National Health Reform Amendment (Independent Hospital Pricing Authority) Bill 2011

The National Health Reform Amendment (Independent Hospital Pricing Authority) Bill 2011 establishes the Independent Hospital Pricing Authority by amending the National Health Reform Act 2011. This is another one of the bureaucracies being established as part of so-called health reform.
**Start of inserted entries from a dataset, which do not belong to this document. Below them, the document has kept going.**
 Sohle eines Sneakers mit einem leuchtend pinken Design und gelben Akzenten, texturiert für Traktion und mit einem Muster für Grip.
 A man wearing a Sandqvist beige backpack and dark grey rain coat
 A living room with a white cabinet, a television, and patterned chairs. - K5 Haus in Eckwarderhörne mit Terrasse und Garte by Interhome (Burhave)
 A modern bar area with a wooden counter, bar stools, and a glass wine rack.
This one is supposed to exist to promote improved efficiency in and access to hospital services by providing independent advice to Commonwealth, state and territory governments about the efficient cost of services and to develop and implement systems to support activity based funding for those services. It is supposed to formulate the national efficient price for healthcare services that are provided in public hospitals and funded on an activity basis. The authority will aim to deal with the vexed issue of cost-shifting between various jurisdictions and with cross-border disputes, and will seek to make decisions about block funding for hospitals that are too small, remote or otherwise unable to be funded on an activity basis. As I said, this is another bureaucracy in the Rudd-Gillard-Roxon so-called health reforms.
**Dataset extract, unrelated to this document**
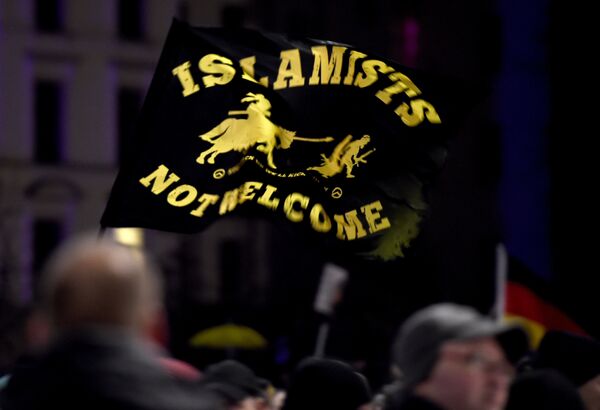 A flag reading Islamists not welcome flies among protestors from the PEGIDA movement (Patriotic Europeans Against the Islamisation of the Occident) attend a rally in Leipzig on January 11, 2016 A flag reading Islamists not welcome flies among protestors from the PEGIDA movement (Patriotic Europeans Against the Islamisation of the Occident) attend a rally in Leipzig on January 11, 2016 - Sputnik International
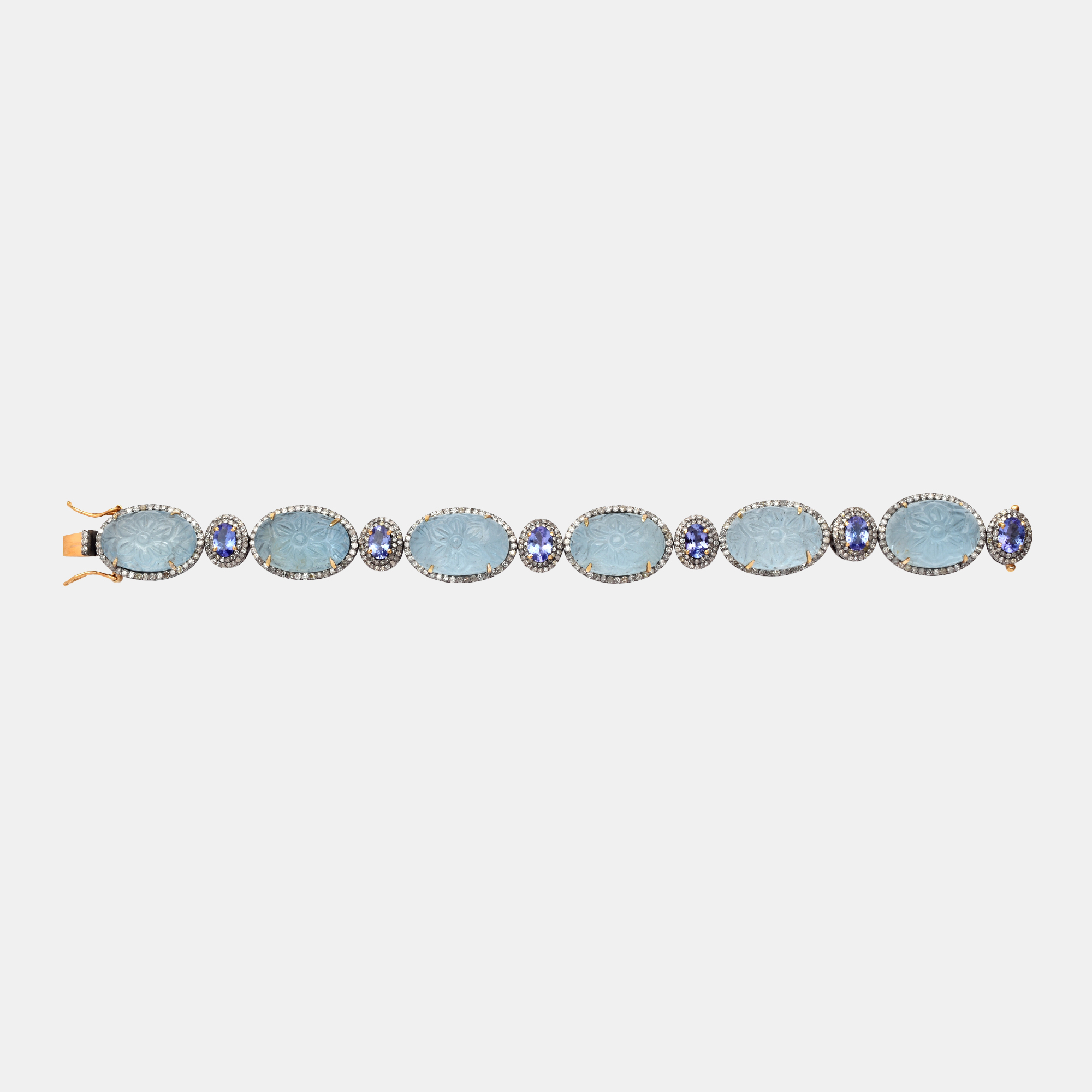 White gold and silver bracelet, adorned with carved aquamarines, tanzanites and diamonds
The National Health Reform Amendment (Independent Hospital Pricing Authority) Bill 2011 amends the National Health Reform Act 2011 to establish this pricing authority. The bill provides for functions, powers, accountabilities and liabilities of the pricing authority as well as the establishment of committees and bodies to assist the authority. On 25 August, on the recommendation of the Selection of Bills Committee, this matter was referred to a Senate committee for inquiry and report by 15 September. This pricing authority is supposed to be the linchpin of the government's so-called health reforms and will operate alongside a raft of other bureaucracies, most notably the quality and safety commission and the national performance authority.
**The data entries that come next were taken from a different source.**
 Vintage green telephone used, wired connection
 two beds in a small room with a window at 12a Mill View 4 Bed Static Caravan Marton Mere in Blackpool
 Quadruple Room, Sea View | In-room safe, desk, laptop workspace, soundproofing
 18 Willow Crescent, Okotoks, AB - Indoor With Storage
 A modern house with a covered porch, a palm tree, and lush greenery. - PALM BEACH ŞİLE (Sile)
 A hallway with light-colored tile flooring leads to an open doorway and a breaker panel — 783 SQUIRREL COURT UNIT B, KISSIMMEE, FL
The impact of the pricing authority on the nation's hospitals remains very unclear. An interim pricing authority commenced operations on 1 September. In the additional comments report to the Senate Finance and Public Administration Committee's inquiry into this bill, we noted:

Coalition Senators do not oppose the recommendation of the report that this bill should be passed.

However, Coalition Senators strongly believe that the Government's so-called health reform package is more about creating the political illusion of health reform than any meaningful improvement or guarantees for patients.

This is a 'reform' that represents an enormous backdown by the Prime Minister and the Minister for Health and Ageing, who are absolutely desperate to create the impression of health reform. It establishes the third bureaucracy as part of this overall framework. Of course it comes with its own price tag: $100 million over the forward estimates; $31 million this year. There has already been legislation to establish the performance authority, which is supposed to monitor and publish reports on the performance of local hospital networks, public and private hospitals, primary healthcare organisations and other healthcare organisations providing health services.

The first new bureaucracy we saw was the Australian Commission on Safety and Quality in Health Care. We may yet find ourselves suffering authority fatigue. The new bureaucracies come before the major changes in health, which are not due to be implemented until 2014-15—very conveniently long after the next election is due. Let me take the Senate back to Mr Rudd's commitment to scrap funding of 60 per cent of hospital costs, which was watered down to the Commonwealth providing 50 per cent of growth funding, and of course this will not occur before 2017.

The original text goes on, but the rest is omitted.